MATT’S MISHAPS

“Serving overseas as a small-town boy from America is intense, stressful and humorous! Enjoy a light-hearted story with me from our last 20 years overseas!”

— Matt 

Mind the Mine Field

Have you been on a military base before?  When we first moved overseas, security was thankfully not an issue for American bases.  We could drive up to the gate post, let them know we were Americans, and they would let us drive right onto the base.  With terrorism and real threats, getting onto an American base overseas base is no longer quite that easy.

The foreign military base next to our apartment building is a rundown complex that has seen better days.  The military and their facilities don’t get the same respect and resources they do in America.  I have never met a foreign soldier who hasn’t told me that he wished he served in the American forces.

My wife spent her first couple years of life near an overseas American Air Force base as her dad served as an elementary teacher to military kids.  Today we live overseas in an apartment complex that borders along a foreign military army base.  Our view out our windows is of the military’s high school playground and a field used for maneuvers. 
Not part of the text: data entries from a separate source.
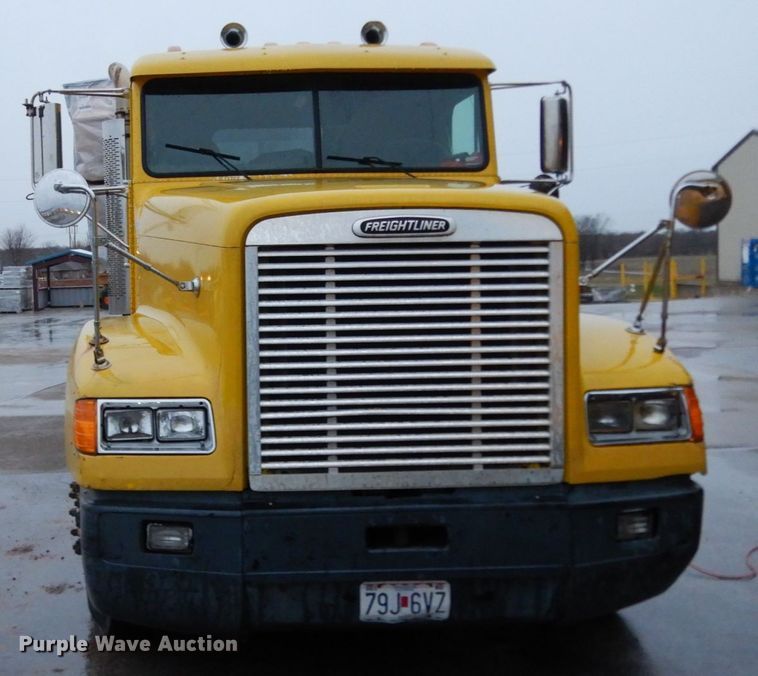image for item DJ6744 2000 Freightliner FLD  semi truck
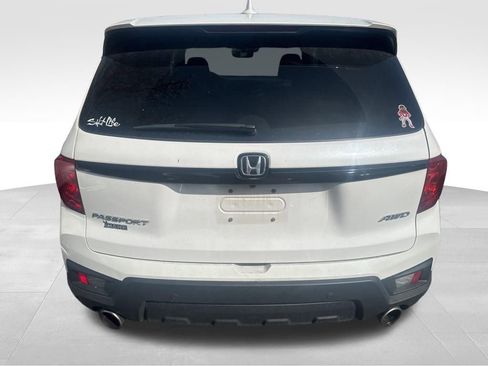 Used 2024 Honda Passport EX-L image 5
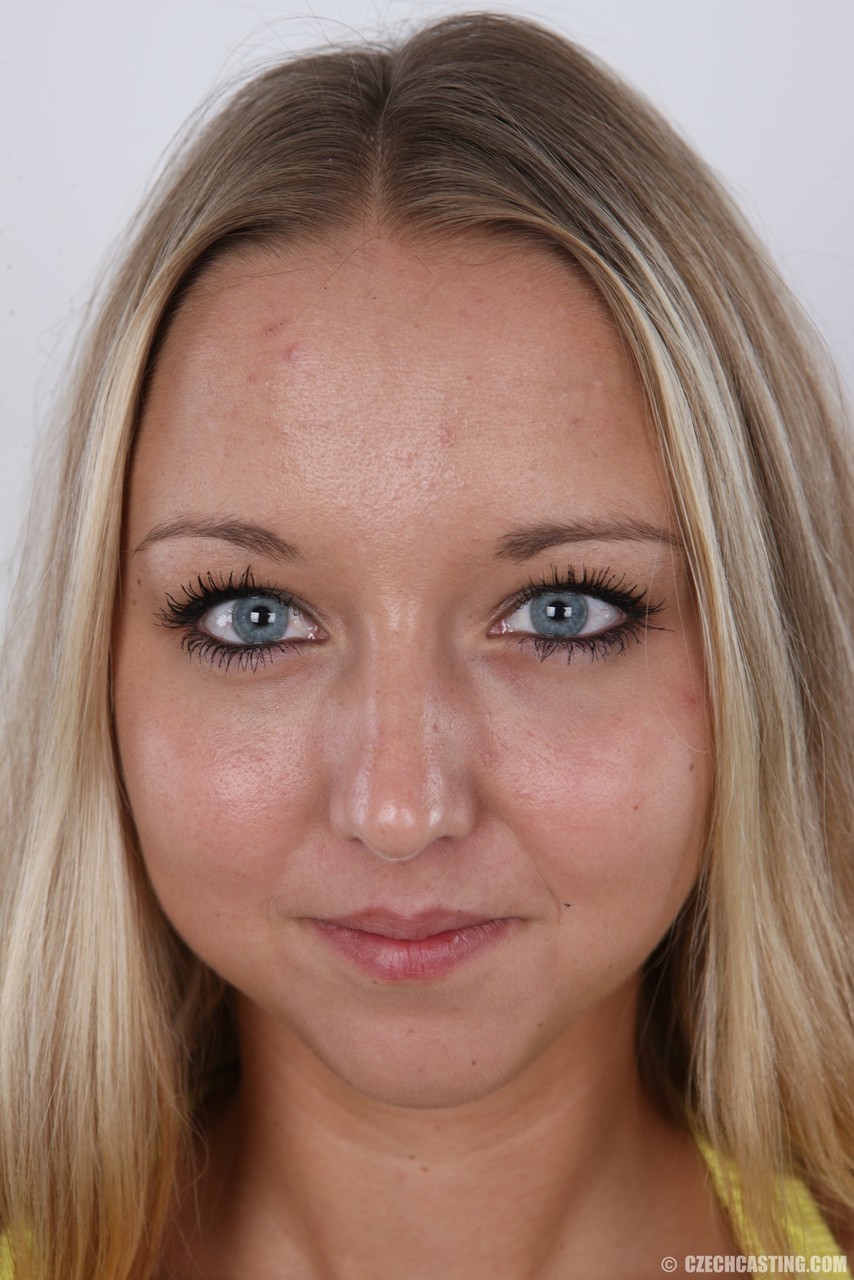 性感年轻的特蕾莎裸露胸部和微笑的脸在她的第一部色情拍摄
A foreign friend of mine in their air force was organizing a half marathon race for service men and women.  My friend invited me to join in the race, and I encouraged my wife to join along with me.  She was a good sport, traveled with me, and jumped into the race.  The base authorities allowed us in as Americans and special guests.  The race course wound around their base, but didn’t have many of the typical amenities a normal long race would have – like port-a-pots.  The other runners were familiar with the route that stretched around their workplace (the base) and the race organizers didn’t inform us of the features around the course.  As we were reaching the last miles of the race and had been over-hydrating along the way, my wife needed to find a bathroom, which there was none.  I noticed an out-of-the-way, lightly wooded and vegetated field that would serve as a perfect port-a-pot and I encouraged her to use the facilities.  I didn’t notice that off in the distance was a military police patrol vehicle, who had been following the only clueless people on the course.  I was waiting on the road for my wife when the officers pulled up to me.  They advised me to get my wife quickly back on the course as she was in a mine field.  Needless to say, she finished up quickly, and got back on the course.

Foreign military bases can be interesting places overseas, but don’t get off the course.